Return the complete listing exactly as it reads, with each picture removed.

━━ Data shown ━━

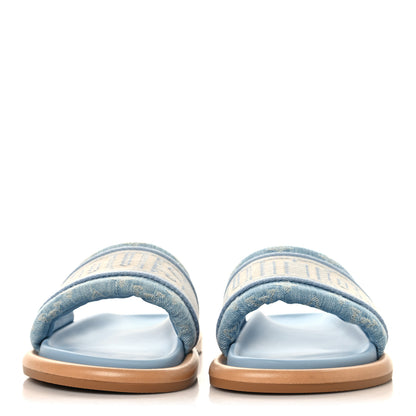 Louis Vuitton Monogram Denim LV Bliss Womens Comfort Mules 39 Turquoise 3 of 10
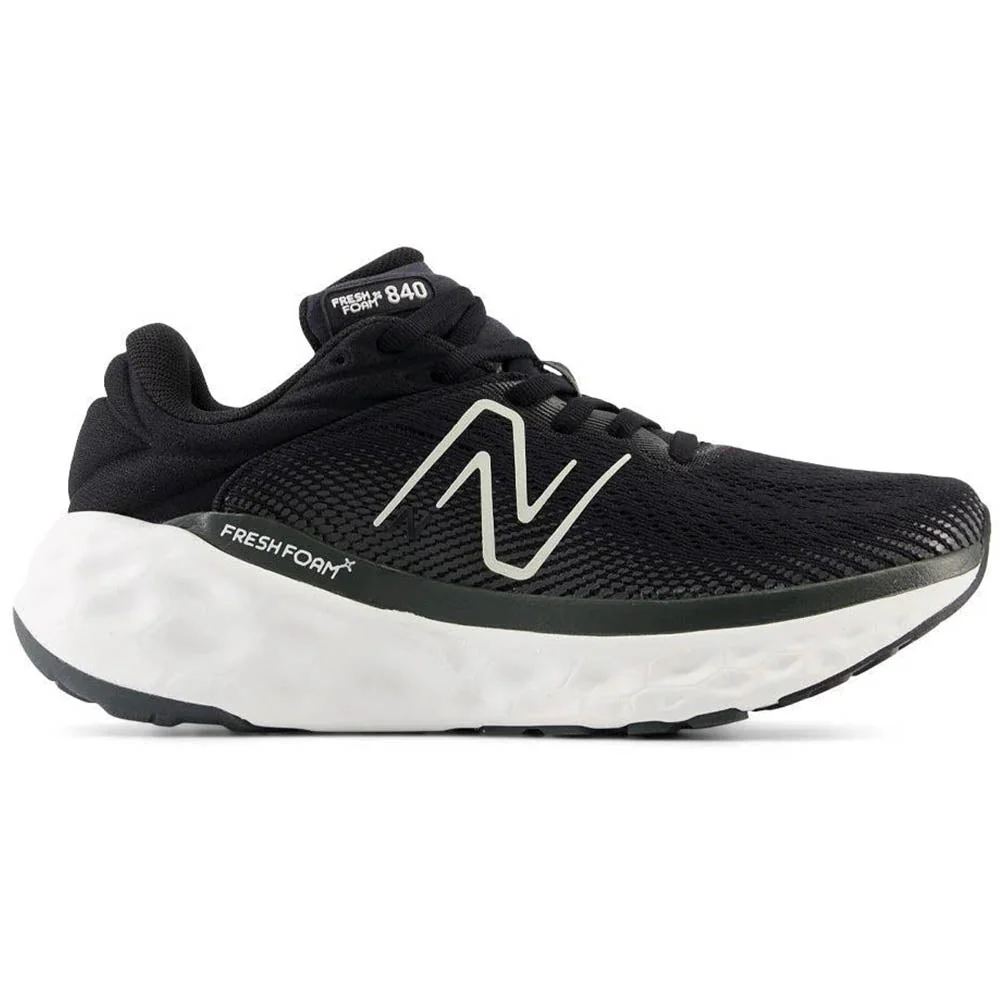 Women's New Balance Fresh Foam X 840v1, Black/Magnet, 11 2E Extra Wide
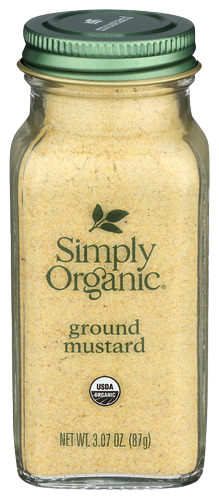 Organic Ground Mustard - 3.07 OZ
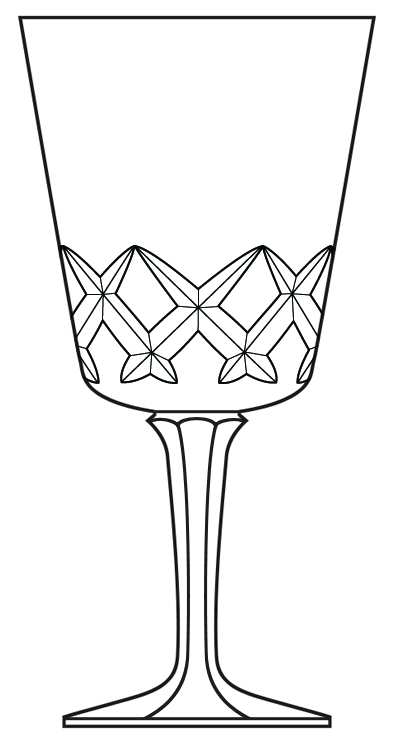 GOR6 Water Goblet by Gorham Crystal-1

━━━

▶ Task answer:
 Louis Vuitton Monogram Denim LV Bliss Womens Comfort Mules 39 Turquoise 3 of 10
 Women's New Balance Fresh Foam X 840v1, Black/Magnet, 11 2E Extra Wide
 Organic Ground Mustard - 3.07 OZ
 GOR6 Water Goblet by Gorham Crystal-1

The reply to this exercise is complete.